The task: After finding "اشتري Phantom Wireless" in the data, write out its line and all following lines without change, up to and including the last one. Leave out pictures.

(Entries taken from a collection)
○ ○ ○ ○ ○ ○ ○

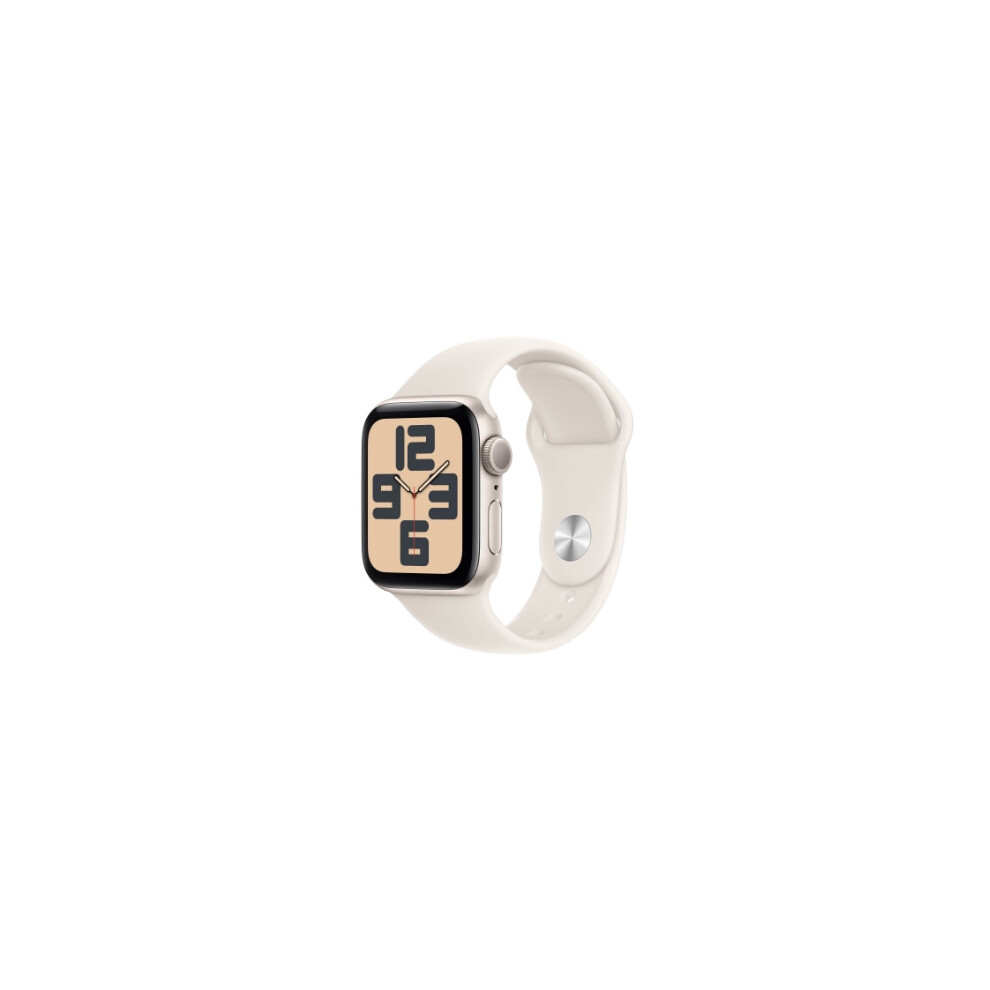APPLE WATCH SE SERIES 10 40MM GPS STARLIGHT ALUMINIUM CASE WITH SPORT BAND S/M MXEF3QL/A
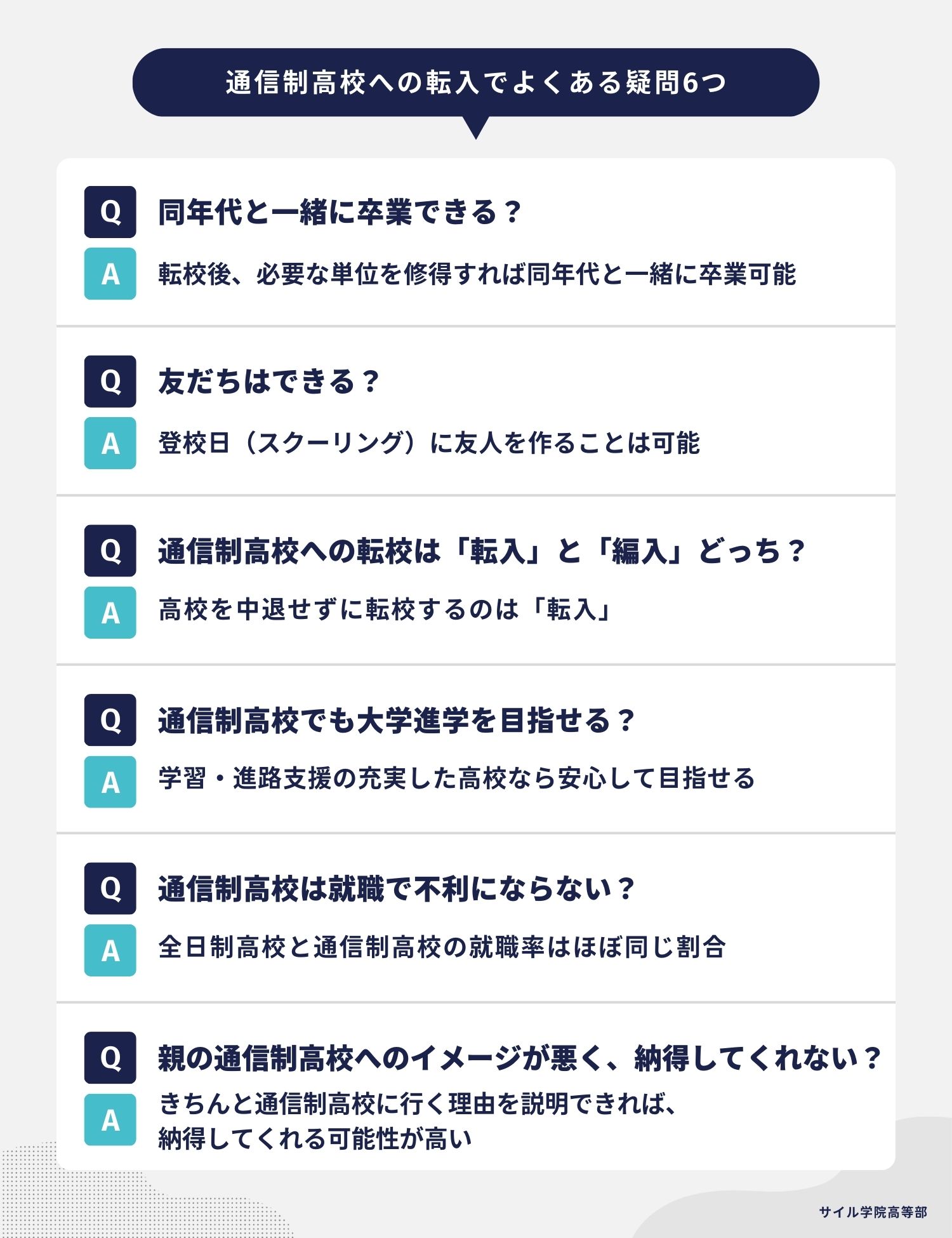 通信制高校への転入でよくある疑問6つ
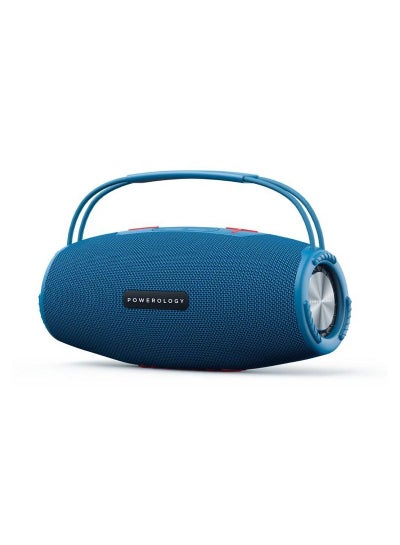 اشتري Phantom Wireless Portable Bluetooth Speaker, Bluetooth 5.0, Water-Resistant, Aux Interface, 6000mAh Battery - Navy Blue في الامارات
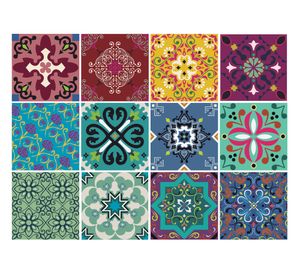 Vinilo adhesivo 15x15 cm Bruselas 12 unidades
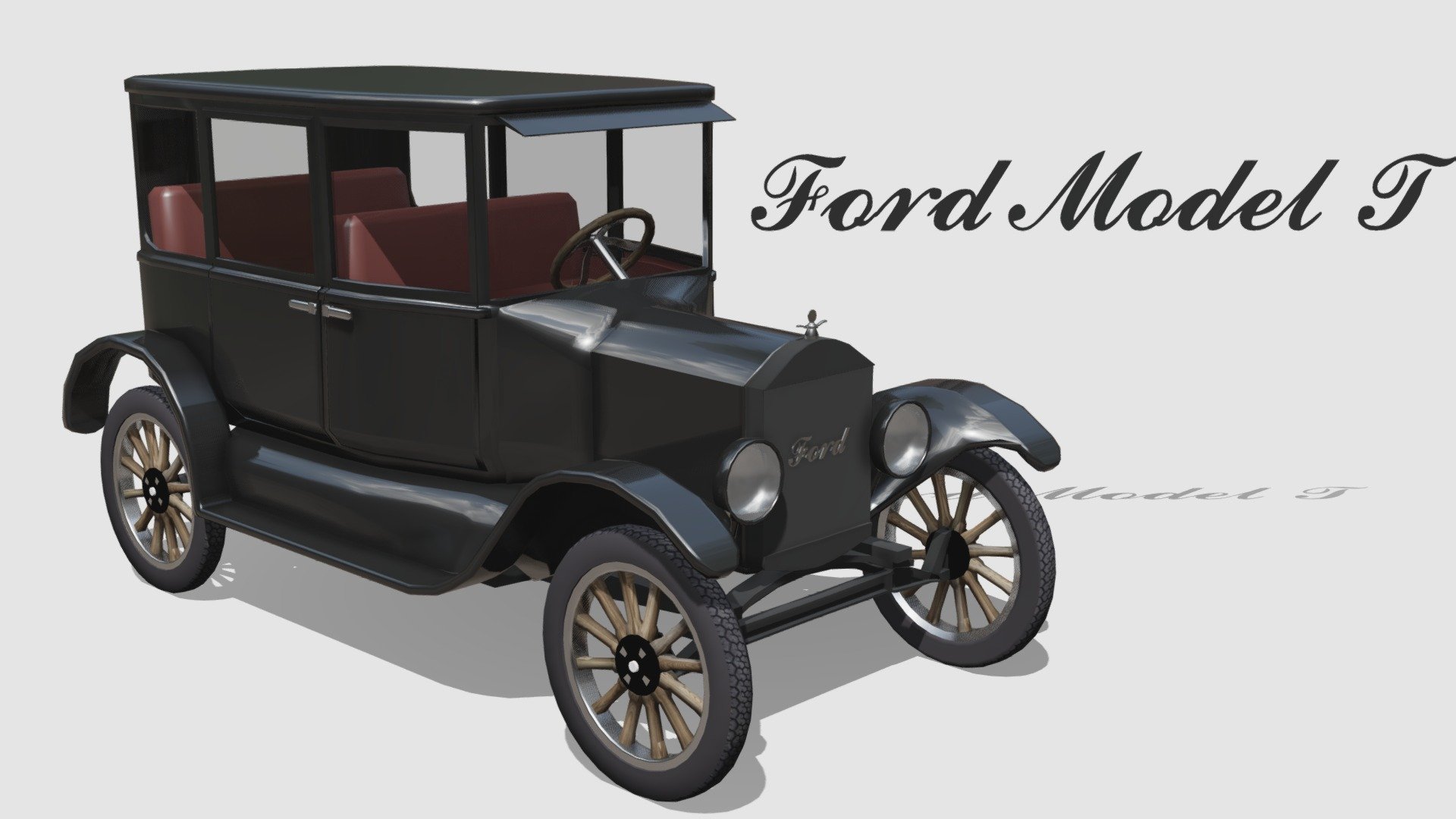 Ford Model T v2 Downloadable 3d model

○ ○ ○ ○ ○ ○ ○

Problem solution:
 اشتري Phantom Wireless Portable Bluetooth Speaker, Bluetooth 5.0, Water-Resistant, Aux Interface, 6000mAh Battery - Navy Blue في الامارات
 Vinilo adhesivo 15x15 cm Bruselas 12 unidades
 Ford Model T v2 Downloadable 3d model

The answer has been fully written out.